Que prévoit la convention fiscale entre la France et le Luxembourg de 1958 ? En vertu de l’article 4 de la convention fiscale conclue entre la France et le Luxembourg du 1er avril 1958, les revenus des entreprises industrielles, minières, commerciales ou financières ne sont imposables que dans l’État sur le territoire duquel se trouve un établissement stable, lequel s’entend d’une installation fixe d’affaires dans laquelle l’entreprise exerce tout ou partie de son activité.
Pour aller plus loin : v. ÉTUDE : Luxembourg – convention du 1er avril 1958, in Conventions fiscales internationales, Lexbase N° Lexbase : E17564ER. |
Précisions du Conseil d’État. Les stipulations de la convention franco-luxembourgeoise et le principe de territorialité de l’impôt (CGI, art. 209 N° Lexbase : L0829MLB) font obstacle à ce que la société mère puisse déduire de son bénéfice imposable en France les pertes d’exploitation subies par sa succursale luxembourgeoise, alors que si la succursale avait été établie en France, une telle imputation aurait toujours été possible ainsi que, le cas échéant, la prise en compte de tout ou partie de ces pertes pour la détermination du résultat d’ensemble du groupe fiscal auquel cette société appartient.
Une telle différence de traitement ne saurait toutefois constituer une atteinte à la liberté d’établissement, pour la société privée de la possibilité de prise en compte des pertes réalisées par son établissement stable non-résident pour la détermination de son résultat imposable, si elle ne se trouve pas, à l’égard des mesures prévues par la France afin de prévenir ou d’atténuer la double imposition des bénéfices d’une société résidente et, symétriquement, la double prise en compte de ses pertes, dans une situation objectivement comparable à celle d’une société détenant un établissement stable implanté en France.
Une société résidente de France détenant une succursale au Luxembourg doit être regardée comme ne se trouvant pas dans une situation objectivement comparable à celle d’une société de France détenant une succursale dans ce même État.

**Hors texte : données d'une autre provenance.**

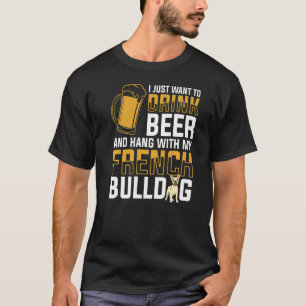 Camiseta Te Empujaría Frente A Los Zombis Para Salvar Mi Bu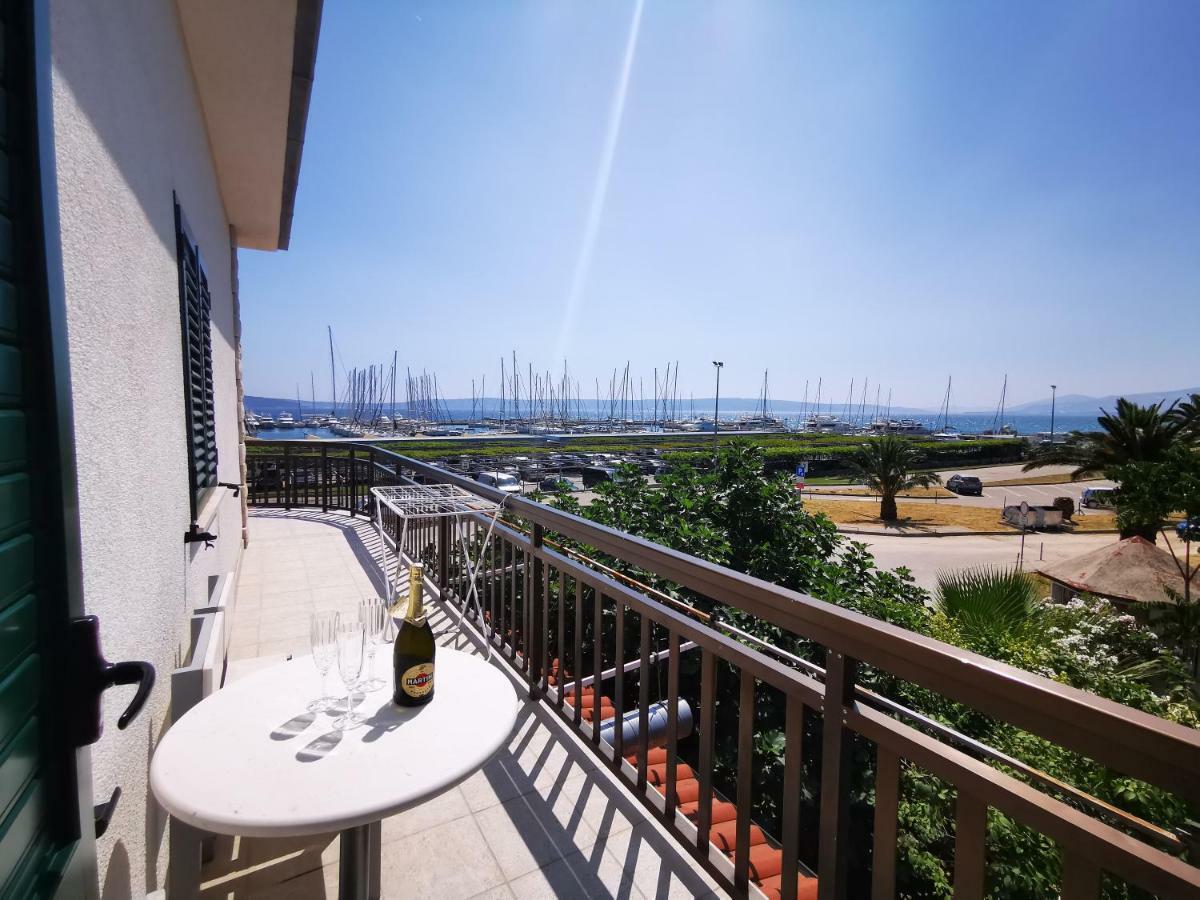 Apartment Cirko Kaštela Zewnętrze zdjęcie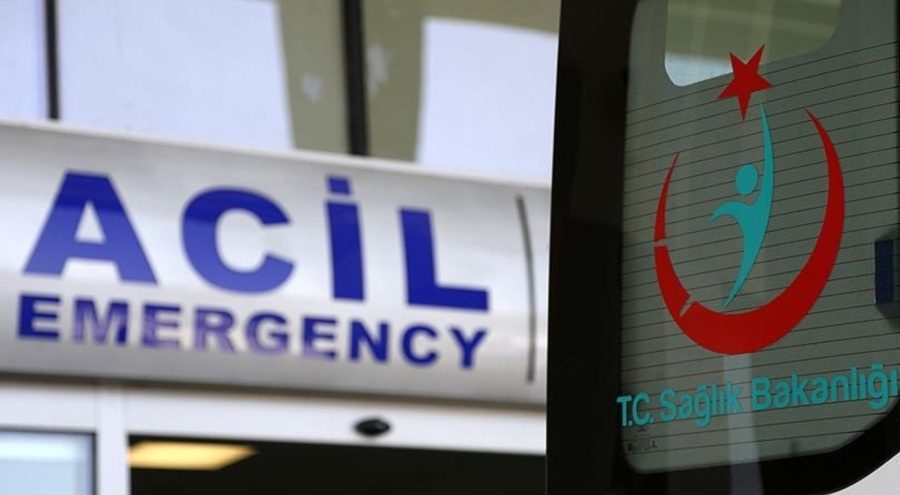 Karbonmonoksit gazından zehirlenen kişi hayatını kaybetti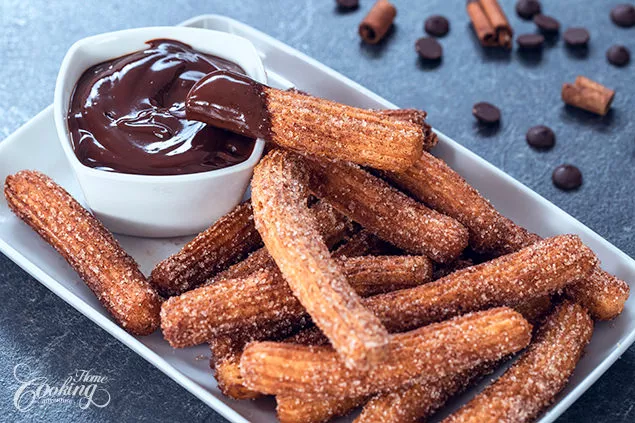 churros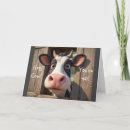 Suche nach kuh spaß karten Für ihn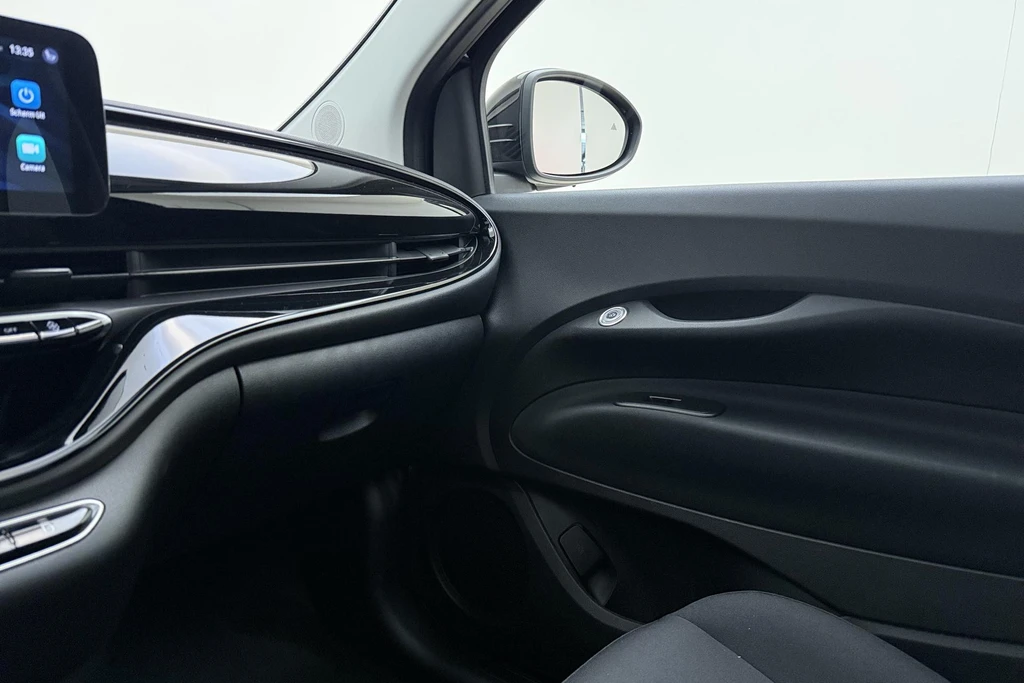 Fiat 500e – foto 32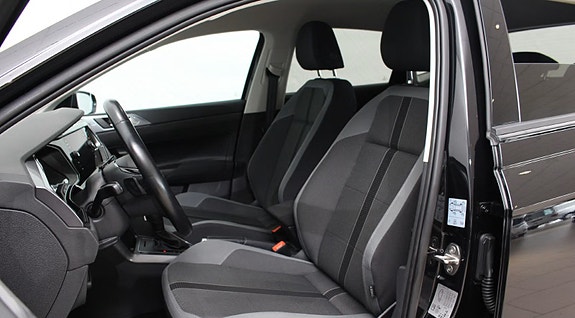 Volkswagen Polo 7 of 14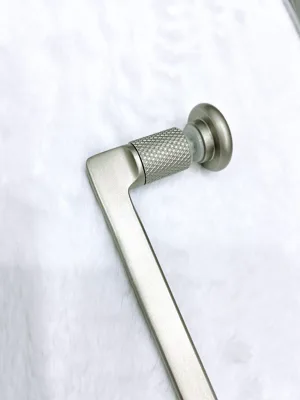 Tay Nắm KACIRIN Dài 500mm Bộ Vuông 90 Độ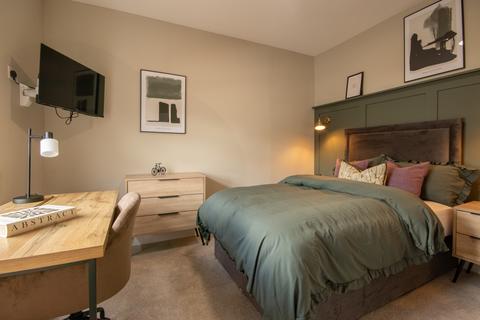 1 bedroom flat to rent, Room 4, Trafalgar Road, Beeston, Nottingham, Nottinghamshire, NG9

Par suite, aucune restriction à la liberté d’établissement ne saurait être constatée à raison de l’impossibilité pour la société mère française d’imputer sur ses résultats les pertes réalisées par sa succursale luxembourgeoise, pas plus qu’à raison de l’impossibilité qui en résulte de bénéficier de toute prise en compte desdites pertes pour la détermination du résultat d’ensemble du groupe fiscalement intégré dont elle est membre.
L’arrêt de la CAA de Versailles est annulé.